Failure by relevant dutyholders to comply with either type of notice would be a criminal offence.

It also said: “The JCA/Local Authority Building Standards should have the clear power to require changes to work that fail to meet the building regulations requirements alongside any broader penalties sought.”

It also recommended time limits for bringing prosecutions against dutyholders be increased to five or six years for “major” deficiencies in building requirements identified at a later date.

5. Three approval stages 

Hackitt recommended the introduction of three ”gateway points”, where building professionals with a responsibility for safety will have to prove to the new JCA that they are complying with regulations.

The new proposal lays out planning permission, full plans approval and the completion of construction as the three stages where the JCA will have to give any residential building more than 10 storeys’ high the seal of approval.

The statutory obligation to ensure there is thorough assessment by the JCA of detailed design plans for HRRBs, sufficient assurance that dutyholders are in place and relevant responsibilities are being met in order to give permission before building work can legally commence is new.

6. Tracking & documentation

There will be a new requirement for dutyholders to provide an as-built record to the occupier during the handover of the building.

This is an increased obligation as every change made to the design specifications must be recorded to provide a full and correct record.

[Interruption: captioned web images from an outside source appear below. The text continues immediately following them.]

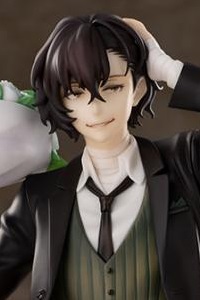 HOBBYMAX Bungo Stray Dogs Mayoi Inu Kaikitan Dazai Osamu Seisou Ver. Standard Edition 1/8 Plastic Figure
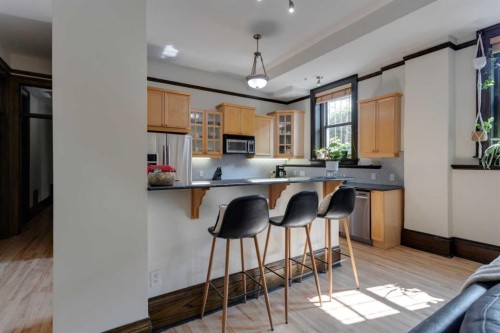 1-804 18 Avenue Sw, Calgary, AB - Indoor Photo Showing Kitchen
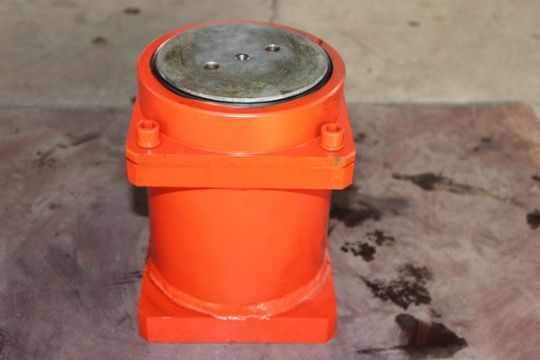 點擊查看詳細信息<br>標題：150掘進機漲緊油缸 閱讀次數：2719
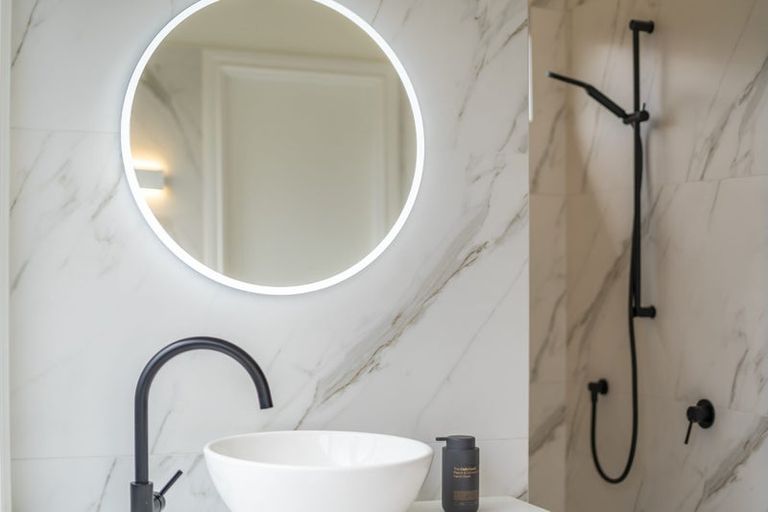 Photo of property in 5 Helm Place, Whitby, Porirua, 5024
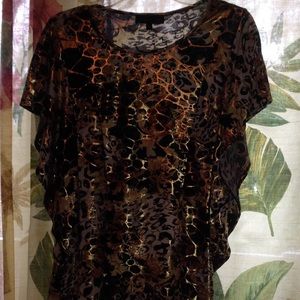 Dressy blouse, gold and black design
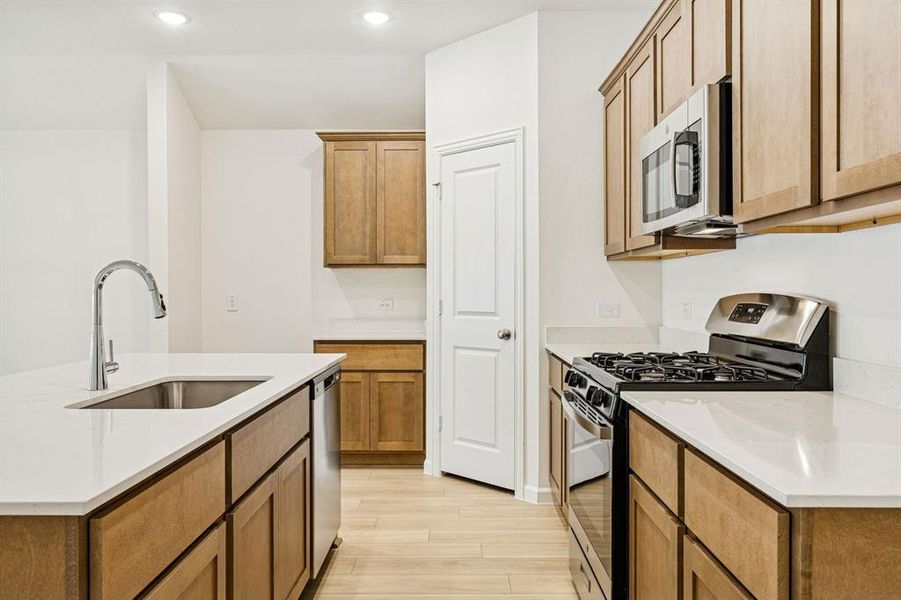 Furnished interior view inside a new home in River Ridge, Crandall (Image 6).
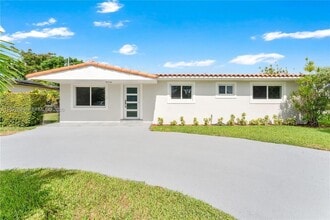 Building Photo - 3250 SW 72nd Ct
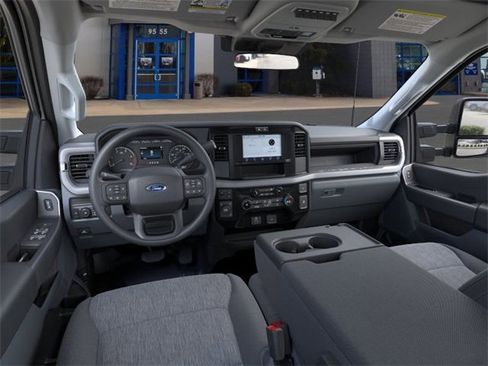 New 2026 Ford F450 XL w/ XL Driver Assist Package image 9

There is also a recommendation for improving digital records of buildings. The report said the digital records should cover the “building as planned, then as built including, for example, products used”. It said it was “intended to underpin an effective understanding of the constructed building across the life cycle”.

7. Product testing 

Manufacturers testing there own products would be outlawed under Hackitt’s recommendations, with her final report calling for all products to be tested via accredited third-party testers.

These testers will be required to publish an annual anonymous report which will show the number of products that have passed and failed tests.

While backing government’s move to hold a consultation into the use of desktop studies to approve cladding systems, Hackitt called for all testers to be accredited to carry out full-scale BS8414 tests.

This would mean BRE is likely to be the only group capable of carrying out the full-scale tests.

The report also recommends an increase to the frequency of tests.